Au
XIXe siècle, le Luxembourg, pays agricole et pauvre,
était un pays d'émigration mais, avec la prospérité
des années 1920, le bilan migratoire s'est inversé,
puis s'est arrêté avec la dépression économique
de la décennie suivante et a ensuite repris après
la guerre. Cette immigration comporte un double volet: d'une part,
des travailleurs immigrés surtout en provenance du monde
méditerranéen et, d'autre part, un contingent important
de fonctionnaires européens originaires des pays de l'Union
européenne. Outre cette main-d'uvre étrangère,
il y a lieu d'ajouter les nombreux frontaliers (45.300 en 1992,
surtout français et belges), ce qui témoigne incontestablement
de la vitalité économique du pays.
Sur le plan agricole, l'opposition est évidente entre le
Nord et le Sud: forêts et cultures pauvres dans le Nord
et prairies avec vergers (pommiers, poiriers et surtout cerisiers)
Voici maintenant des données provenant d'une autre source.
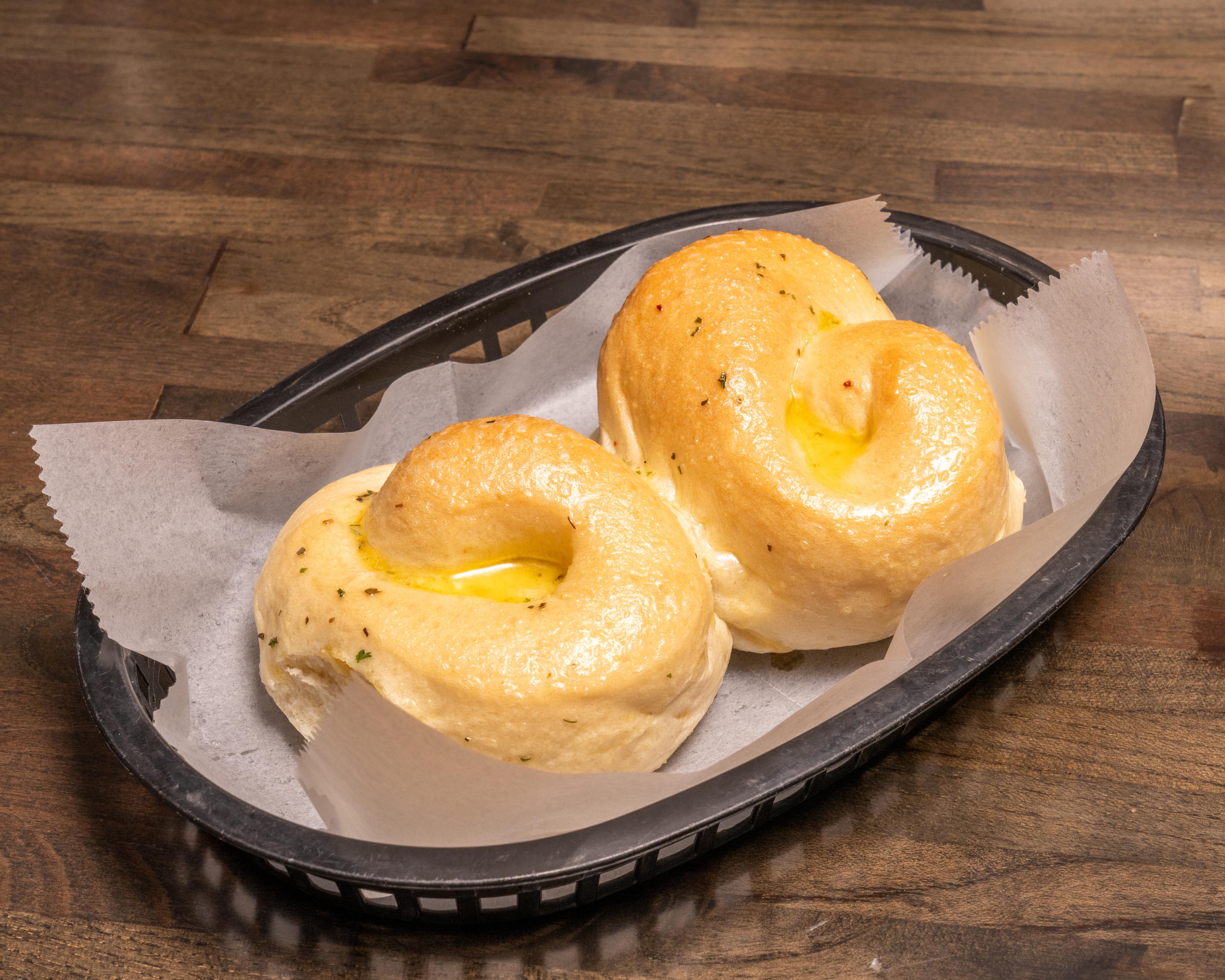 Homemade Bread.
dans le Sud, voire des vignobles sur les coteaux de la Moselle.
L'agriculture
luxembourgeoise (moins de 3 % de la population active) se
caractérise par la prédominance de plus en plus
manifeste de prairies et de pâturages, par la diminution
du nombre d'exploitations.
Bien qu'il possède des mines de fer, le pays est très
pauvre car le minerai lorrain, la minette, avait un défaut:
sa forte teneur en phosphore le rendait impropre à la fabrication
d'acier. Mais la mise au point d'un procédé de déphosphoration
du minerai, introduit au Luxembourg par les frères Metz
en 1879, provoqua la relance de l'exploitation du minerai
luxembourgeois.
L'industrie sidérurgique luxembourgeoise a été
dominée par deux entreprises, Arbed et Hadir, qui ont fusionné
en 1967 pour ne plus constituer qu'une seule société
sidérurgique, Arbed.
En définitive, la crise de la sidérurgie et l'extraordinaire
expansion du secteur bancaire ont fait passer le Luxembourg d'une
société industrielle à une société
de services (actuellement, les deux tiers de l'emploi).
Pays de transit entre, d'une part, la Belgique et les Pays-Bas
vers l'est de la France, le sud de l'Allemagne, la Suisse et l'Italie
et, d'autre part, entre l'Allemagne et la France, le Luxembourg
bénéficie d'une situation privilégiée
qui explique la présence des divers modes de transport.